Saturday, September 22, 2007

Jena and Iraq

So the general allegations of Jena are here. As it is, 6 black high schoolers are being charged with murder because some white high schooler got beat up enough to have a mild concussion and some reoccurring headaches a few weeks later. This is after white kids hung some nooses above a tree when some black kids didn't stay in their place, and a massive escalation of tension and conflicts in the following months.
The real question seems to be "what happened the night of the alleged kicking?" Was the Kickee actually knocked out, viciously stomped, or did he just lose a schoolyard fight (which included a few kicks to the gut, but it's just an asskickin, not deadly assault. I mean, does this kid just need to suck it up, or was this serious?
The only complaint since the attack, after healing up, is recurrent headaches (there was a swollen eye and a bit of a concussion).
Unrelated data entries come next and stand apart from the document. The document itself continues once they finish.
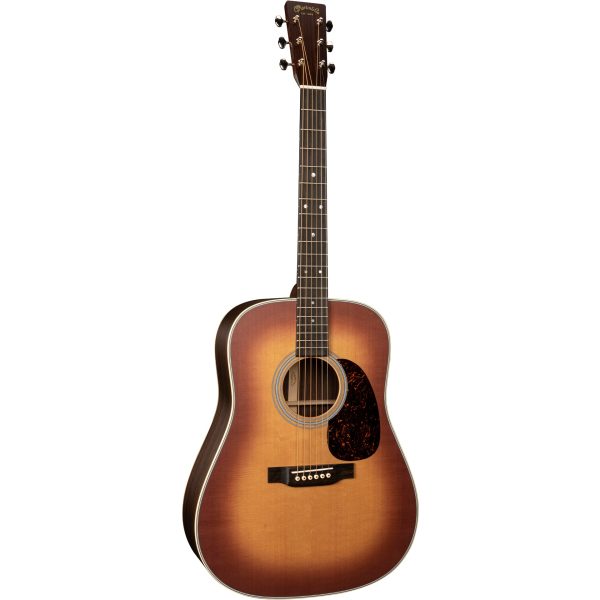 Martin D-28 6-String Acoustic Guitar - Satin Amberburst Online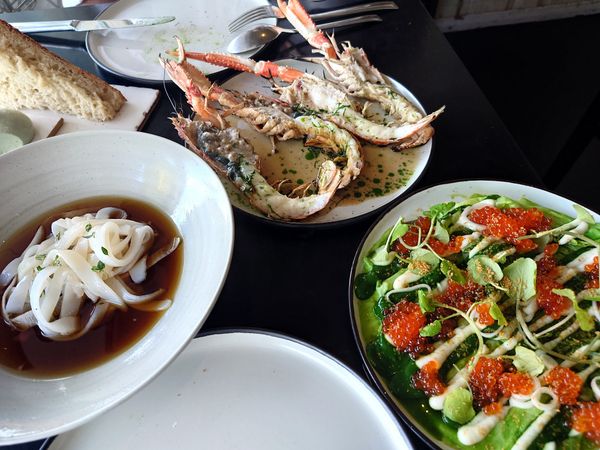 Frische Meeresfrüchte im Meatpacking District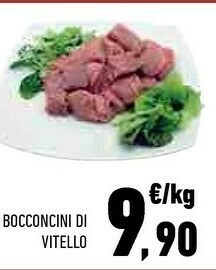 Conad City Bocconcini Di Vitello offerta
With that level of injury, that the extent of the harm (when 6 humans, in an attack, could clearly do so much more if they wanted to kill or maim someone) the charge is clearly excessive.
That is excessive, and the individuals should be punished. Suspensions, community service, and participation in public discussions on respecting human rights and dignity (including not whaling on people to give then concussions, unless sanctioned by the Leviathan (strange how Hobbsean our society has become lately, with all authority ceded to the executive in the name of protection).).
Jena is almost a twisted metaphor for Iraq. There is a sectarian dispute, the local gov. just favors its own sect, past murderous violence is referenced, and one side starts taking matters into its own hands. Because they believe they are entitled to have... well, that's where the analogy dies. One is just high school, with some kid who got beat on a bit, the other is geopolitical chaos.
I am from the south, and while the executive and city council branch of that town were just pouring gas on a smoldering fire, it's not representative of the area. Hopefully, it will be a lesson to us all in the need to respect the freedom and dignity of our fellow man, and if we follow that precept (a value truly honored by our founding fathers), if we remember that we must live free or die defending individual liberty, we will continue to prosper as a people. I only hope the recent misconduct, both overseas and by corrupt and tyrannical government entities can cease.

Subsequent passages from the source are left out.